SQL Concepts
ACID
- ACID refers to a set of principles that ensure reliable data transactions
- These are the properties of a transaction
- Transaction is a logical group of one or more SQL statements
Atomicity:
- Either all or none are applied to a database Example: In a banking system for a money transfer two operations have to be done like debit and credit in this scenario two operations or none should be done
Consistency:
- Transactions always leave the database in a consistent state
Isolation:
- When multiple transactions are being simultaneously executed and in parallel in a database system, then the carrying out and execution of the transaction would occur as if it is the only transaction that exists in the system.
- None of the transactions would affect any other transaction’s existence.
Durability:
- Once a transaction is committed, its changes are permanent and will survive any subsequent system failures, even power loss or crashes.
CAP Theorem: It states that in a distributed system, it is impossible to simultaneously achieve Consistency, Availability, and partition tolerance
- According to the above statement we have to give up something to gain something
Consistency:
Every read operation from the database returns the most recent write or an error. In other words, all nodes in the system see the same data at the same time.
Availability:
Every request to the database receives a response, without guaranteeing that it contains the most recent version of the data. In other words, the system is always up and running, even in the face of network partitions, hardware failures, or other forms of degradation.
Partition tolerance:
The system continues to operate even when network partitions occur, which means that some nodes in the system are unable to communicate with others.
Examples
- Trade-off between consistency and availability. Choosing to prioritize consistency may mean sacrificing some level of availability, while prioritizing availability may mean sacrificing some level of consistency.

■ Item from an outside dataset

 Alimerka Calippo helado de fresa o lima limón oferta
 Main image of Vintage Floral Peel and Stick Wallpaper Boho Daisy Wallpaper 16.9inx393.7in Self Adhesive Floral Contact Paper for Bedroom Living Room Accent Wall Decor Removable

- Another example of a trade-off in database management systems is between performance and data durability. Often, improving performance can come at the cost of reducing data durability. This is because some optimizations, such as buffering or caching data in memory, may increase performance but also increase the risk of data loss in the event of a system failure.
Joins:
JOIN is a clause to combine rows from two or more tables, based on a related column between them.
Types of joins:
Natural join:
NATURAL JOIN combines the tables based on the common columns.
SELECT *
FROM table1
NATURAL JOIN table2;
Inner Join:
An inner join returns only the rows that have matching values in both tables.

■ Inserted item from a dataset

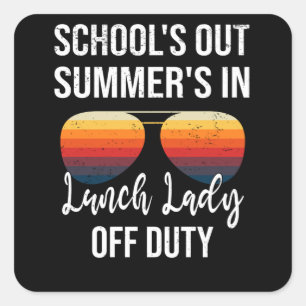 Summer Vacation School Lunch Lunchtime Lady Square Sticker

SELECT column1, column2, ...
FROM table1
INNER JOIN table2
ON table1.column = table2.column;
CROSS JOIN:
In CROSS JOIN, each row from the first table is combined with all rows in the second table. Cross Join is also called CARTESIAN JOIN
SELECT *
FROM table1
CROSS JOIN table2;
Full Join:
- FULL JOIN or FULL OUTER JOIN is the result of both RIGHT JOIN and LEFT JOIN
SELECT *
FROM table1
FULL JOIN table2
ON c1 = c2;
Cross Join
Left join:
Returns each row in the left table, and matched rows from the right table are combined. If there is no match, NULL values are assigned to the right half of the rows in the temporary table.
SELECT *
FROM table1
LEFT JOIN table2
ON table1.c1 = tabl2.c2;
Right join:
Returns each row in the right table, and matched rows from the left table are combined. If there is no match, NULL values are assigned to the left half of the rows in the temporary table.
Syntax
SELECT *
FROM table1
RIGHT JOIN table2
ON table1.c1 = table2.c2;
Aggregations, Filters in queries:
These are the function that we can apply after grouping data.
sum():
- Calculates the sum of columns for a group of rows or entire data Example
SELECT category, SUM(sales) FROM products GROUP BY category;
Avg():
- Calculates the average value of a given column for a group of rows or to entire data Example
SELECT AVG(salary) from EMPLOYEES
count():
- Counts the number of rows in a table or the number of rows in a group of rows
SELECT customer, COUNT(order_id) FROM orders GROUP BY customer;
Min():
- Returns minimum value of a given column for entire data or grouped data
SELECT department, MIN(salary) FROM employees GROUP BY department;
Max():
- Returns the maximum value of a given column for entire data or grouped data
SELECT department, Max(salary) FROM employees GROUP BY department;
Filters:
We use a where clause and having clause to filter rows in a table
- Where clause is put before grouping and having clause is written after grouping
- Inside these clauses we insert conditions Example:
select batsman,sum(runs) as runs from batsman_runs
where team='rcb'
group by batsman
having runs>2000;
Normalization:
- Normalization is a process by which database and table structures are created or modified to address inefficiencies/complexities related to data storage, data modification, and querying database tables ### Normalization can be achieved by following techniques #### 1NF Databases: A 1NF database is an atomic database. In this case, atomic means that each cell contains one value and each row is unique
// This would be a non-atomic table
| Title | Length | Type |
|-----------------|------------|------|
| Example A, B, C | 125 inches | B, C |
| Example A, B, C | 125 inches | B, C |
// This would be an atomic table
| ID | Title | Length | Type |
|----|-----------|------------|------|
| 1 | Example A | 125 inches | B |
| 2 | Example A | 125 inches | C |
Second normal form:
- In a table every non-key value should be fully dependent on a primary key Violating the second normal form
- 2NF is intended to eliminate redundancy and anomalies that can occur when data is stored in a single table.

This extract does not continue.